When we no longer worked in the same office, I saw him a few times a year to share a meal, and he always brought a tangible joy to the gathering. To be the kind of boss with whom it is easy to have a graceful transition into friendship is no small thing.

David recently passed over to whatever comes after this life, a far too early exit for such a wonderful human being. It’s hard to believe I knew him less than twelve years—his presence in my life and the beauty he brought to it seem larger than could have fit in that time.

Here are some other things I loved about David:

  • His eyes twinkled, never more so than when his grandchildren came to visit.
  • He laughed often.
  • He remained thoroughly British—at least to my American sensibilities—despite having spent most of his adult life in the U.S.
  • He never took himself too seriously. He always said, “The battles in academia are so fierce because the stakes are so low,” even though he was a lifelong academic.
  • He worked hard but maintained a healthy perspective on life. Both for himself and for those he worked with, family always came first.

I’m a better person for having known David. As they say in the Jewish tradition to which he belonged, may his memory be for a blessing. It certainly is for me.

Now

This is not an easy world to live in. A glance at any of the “Top Stories of 2016” lists will tell you that, but smaller, everyday occurrences reminded me of this truth at the beginning of 2017.

A friend’s grandma died. I learned another friend will undergo five months of chemotherapy. A third friend wrote about caring for his wife who is losing her memory.

Why start a year this way? Because it is the way the year has started.

These are not simple stories. On one hand, they tell of physical suffering, loss, grief. On the other, my friend’s grandma lived a good life; the cancer is not fatal; husband and wife still connect in beautiful ways.

These events hold pain and grace, and though we think of them as out of the ordinary when they happen to us, many people share these experiences every day. Their regularity does not diminish them. They are not war or famine, but they are hard.

A few years ago, a similar coincidence of the sad and the difficult inspired me to write this poem:

My Friends

One runs machine gun-guarded laps
around Bagram.
Two looks through the locked
door of her dad’s descent
into Alzheimer’s.
Three waits with her husband
for the report that will
read leukemia.
Four searches for her mother
after Fukushima—
fifteen thousand missing.

Today I saw a kestrel dive. His
wings stopped the world before
breaking through
bright green grass.

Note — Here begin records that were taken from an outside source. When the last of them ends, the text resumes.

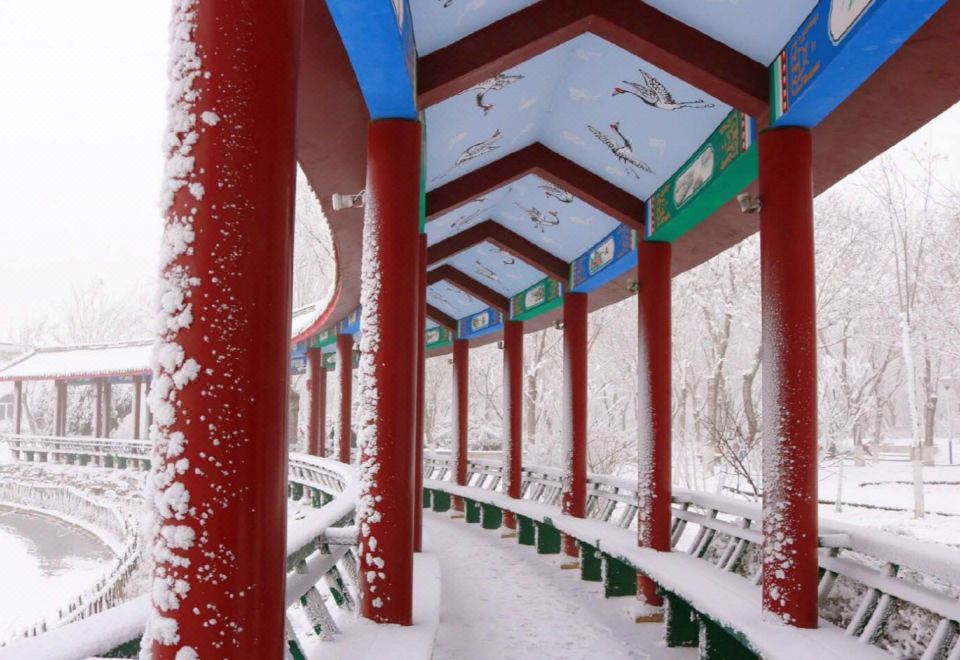 4. 디이다오 테마 ..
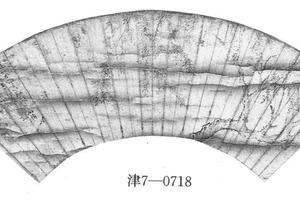 杨柳图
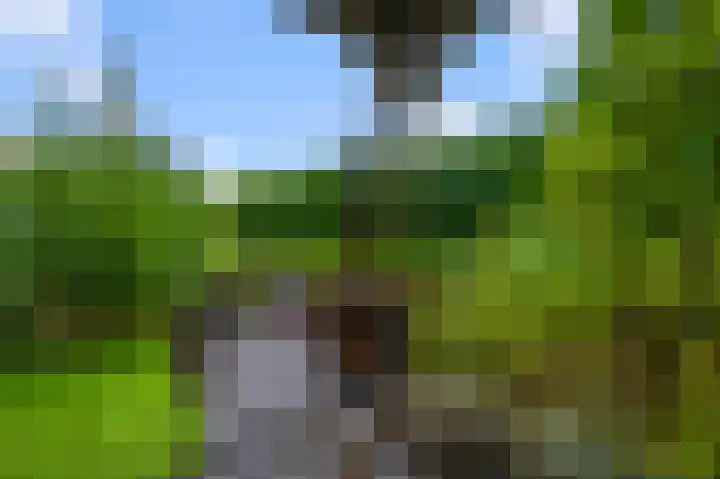 Weiver 16 Krommenie thumbnail 10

My friends,
I will hold those wings for you.

We can do small, important things, like bring food, but most of all we can be present to the time and place and circumstances we live in and the people and other beings we live with, not forever, but for now. And now is all we have to offer. If we give it unreservedly, it may not change anything, but it will be enough.

As I hung up the phone after speaking with my friend who has cancer, I heard the first drops of rain falling on our parched California earth, and I felt deep joy—the resonance of beauty in our souls. All this is happening now.

Not Quite Barn Raising

After a mere seven years, my house is now officially painted. OK, with the exception of the downstairs closet and one bathroom door that needs to be replaced anyway, but I’m calling it done.

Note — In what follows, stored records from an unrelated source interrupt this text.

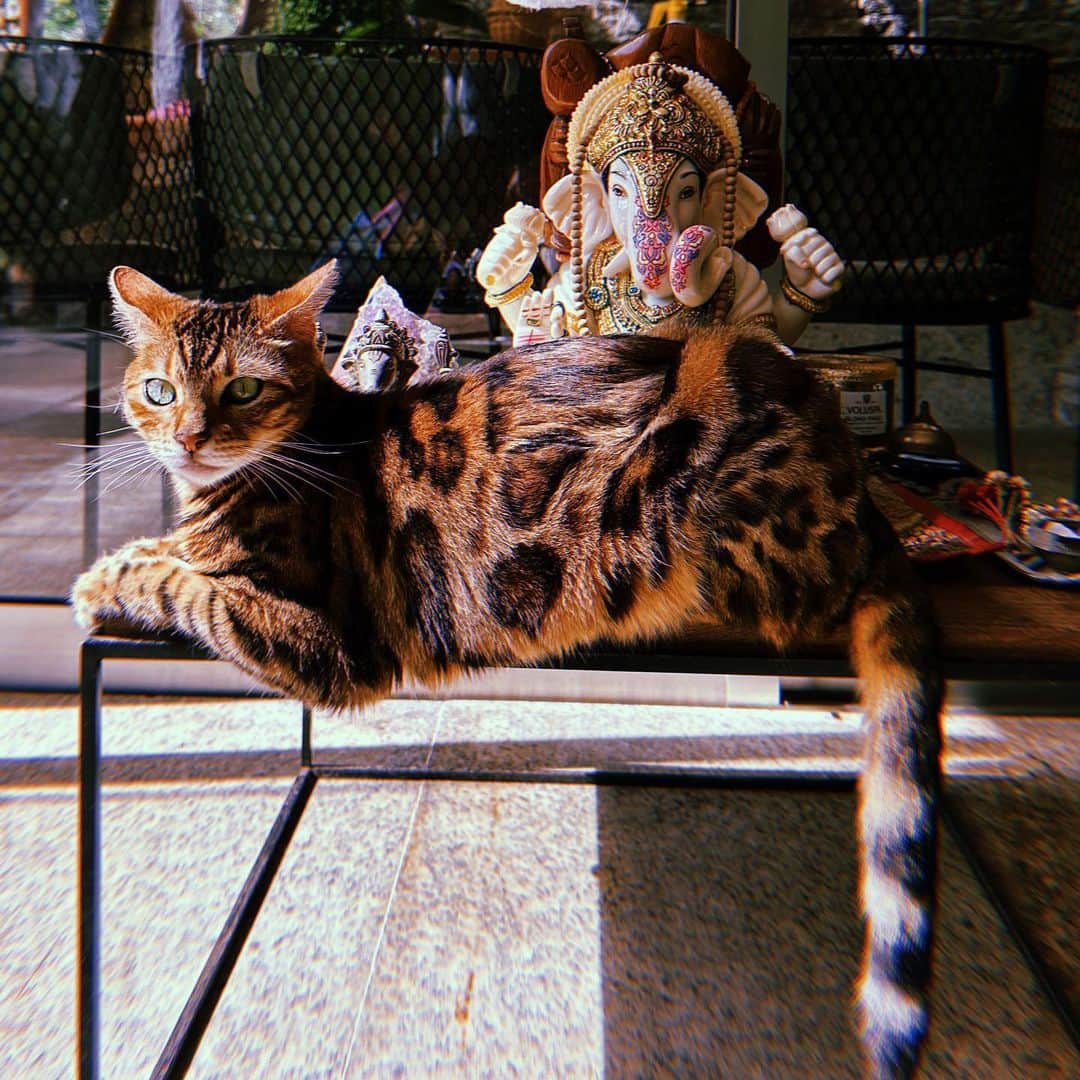 massaferaのインスタグラム：「✨Atenta e Ternurinha」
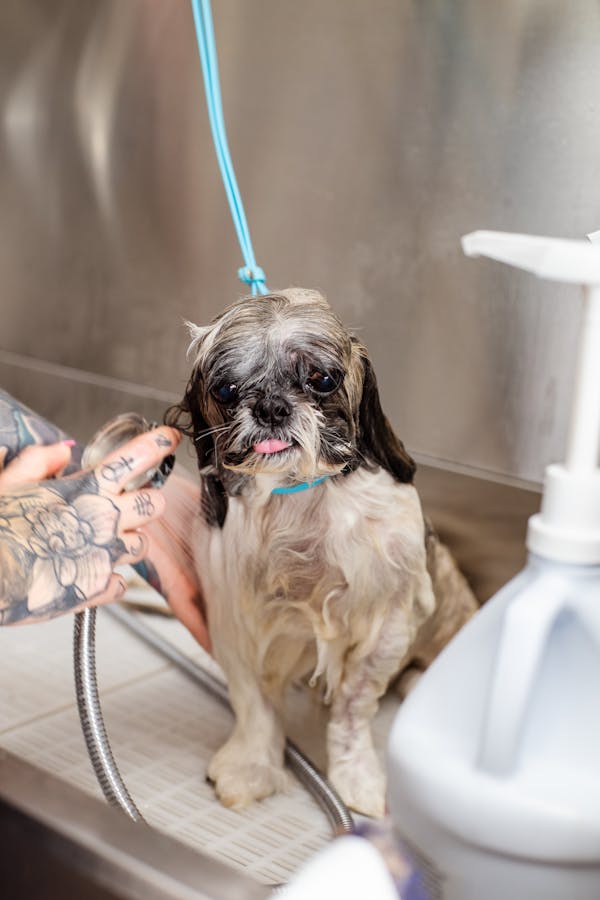 dog bathing-tips-for-different-coat-types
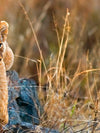 Safari Lion Cub Wall Art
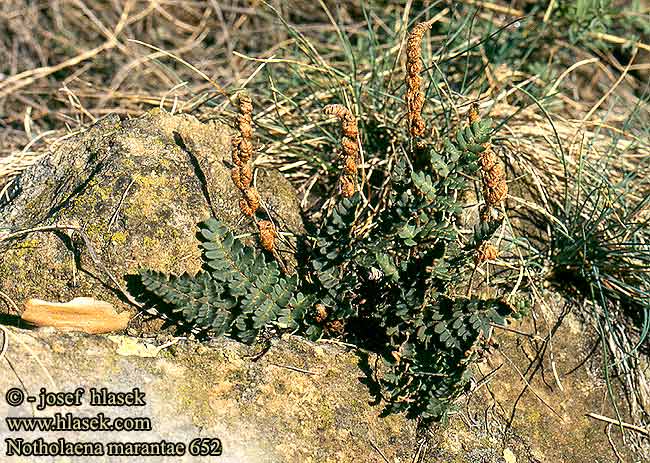 Notholaena marantae Cheilanthes Notholéna Maranta Schuppenfarn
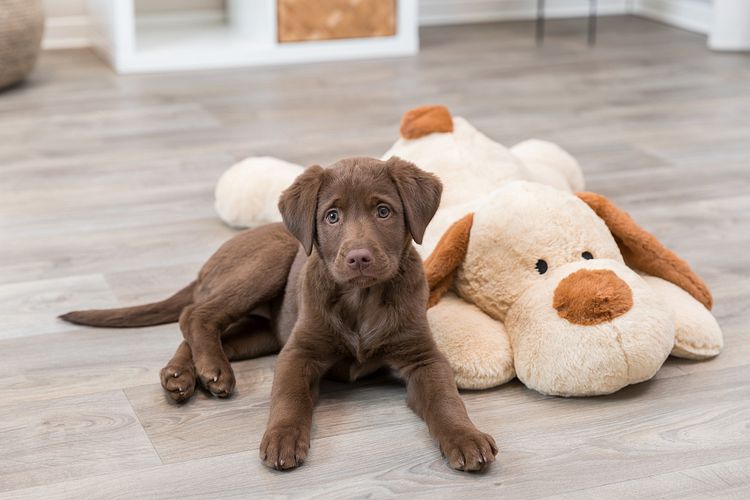 TRIXIE Ankuschelhund Benny, Plüsch, 75 cm, beige/braun
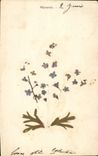 CPA Myosotis Fleurs sechees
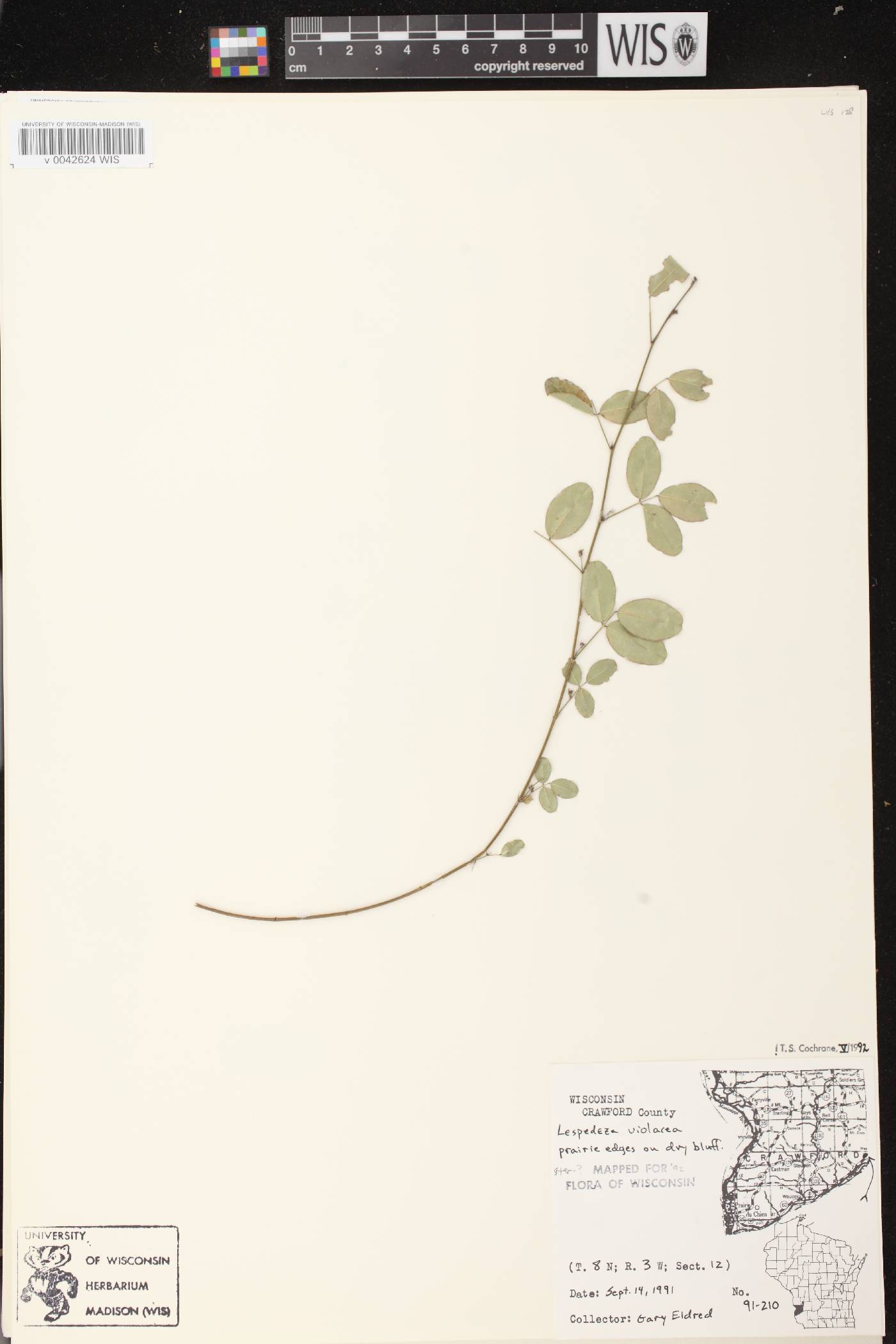 Lespedeza violacea image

The final two stages were completed in large part thanks to my mom and three cheerful and generous friends, two of whom, miraculously, actually like painting. Discovering this fact was a little like discovering that some people enjoy being accountants. Who knew such marvels existed?

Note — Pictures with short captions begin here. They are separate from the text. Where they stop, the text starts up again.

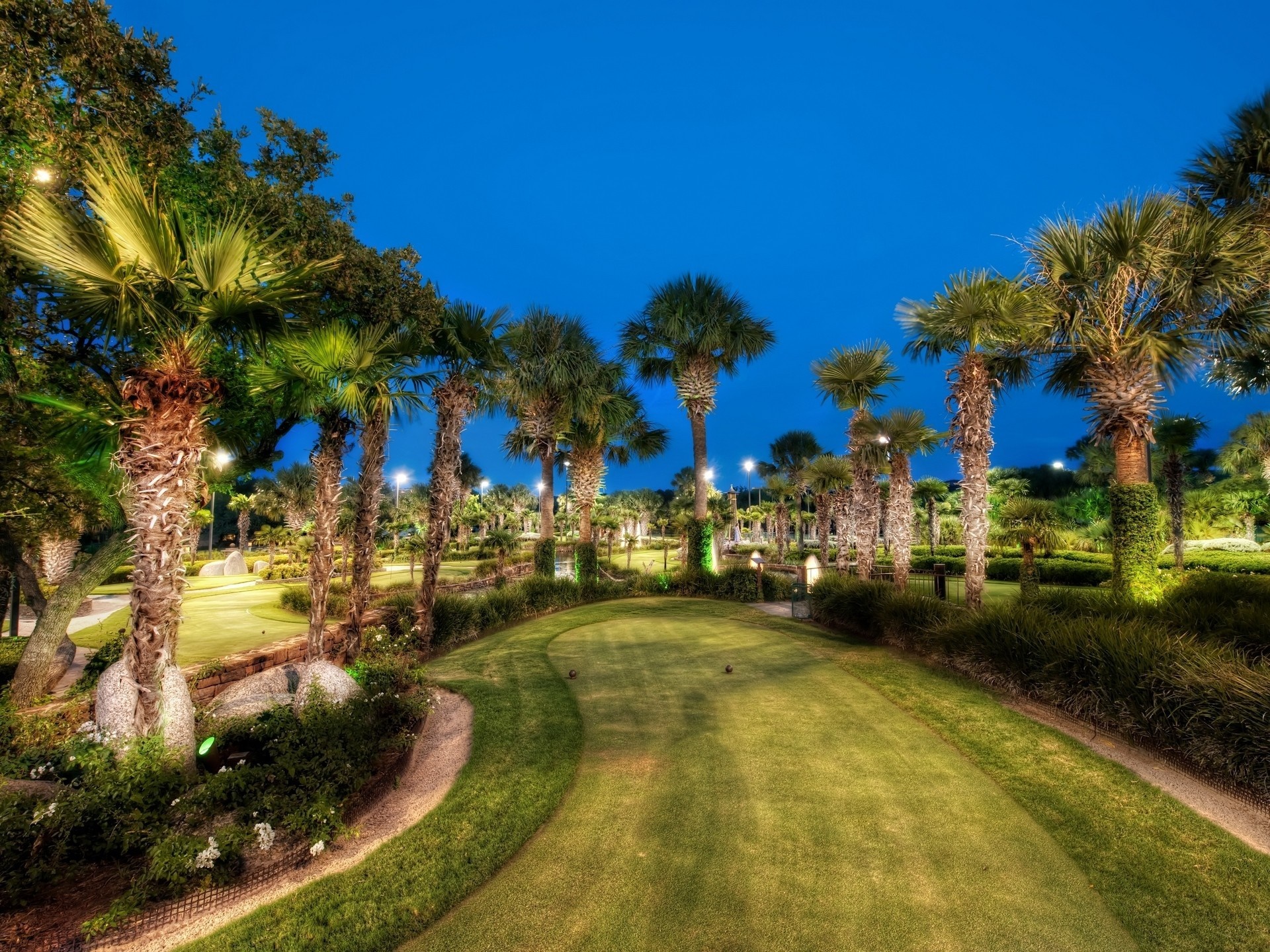 Mini golf course with palm trees at night HD Wallpaper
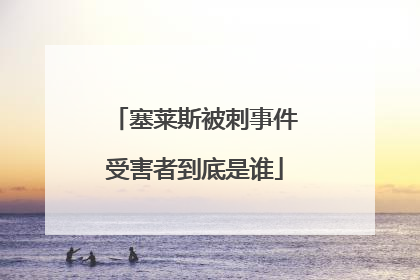 塞莱斯被刺事件受害者到底是谁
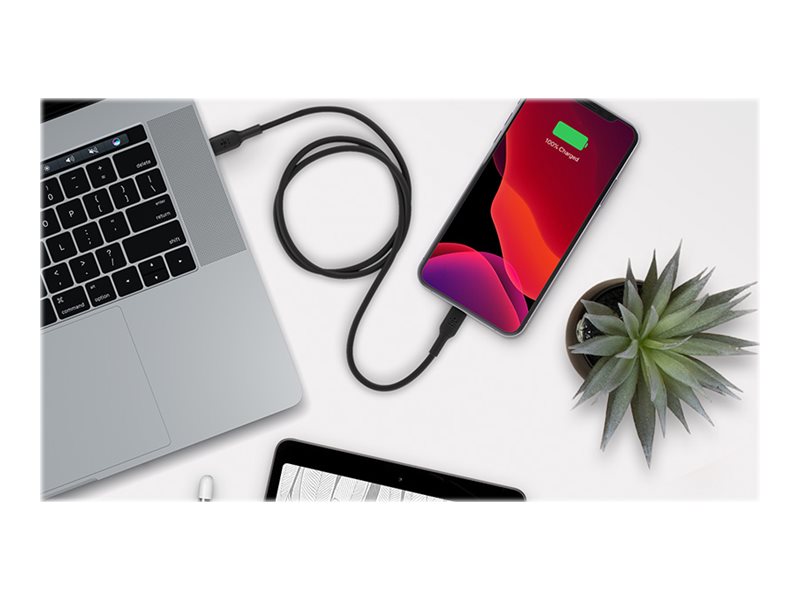 Belkin BOOST CHARGE - Cable Lightning - USB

It’s important to note that this wasn’t only rolling and brushing. In my usual impressively foresightful manner, I had prepped exactly one of three rooms, which means some people washed walls and others taped, definitely the least fun parts of the painting process, yet they did it, as previously noted, cheerfully.

Perhaps the reason communities used to have barn raisings is not only that it made it a lot easier to get your barn built but also that it made the process a lot more fun. I have a pretty clear vision of what painting by myself would have looked like, and it involves a good deal of self-pity, like in the comics when a character walks around with a rain cloud over her head all the time.

But this was enjoyable—maybe not as enjoyable as if we’d all gone out to dinner or the movies but maybe more so. We had a chance to catch up, chat about life possibilities, eat really good watermelon, listen to the Beatles, admire each others’ handiwork, and laugh over our mistakes.

It might not matter so much what we do as who we do it with. Thank you, painting crew, for your help, your good humor, and the reminder that so many things in life are better shared.

Seeing Each Other Through

Friendship is a curious and wonderful thing. I spent last weekend with college friends whom I’ve now known for more than half my life, twenty-three years to be exact.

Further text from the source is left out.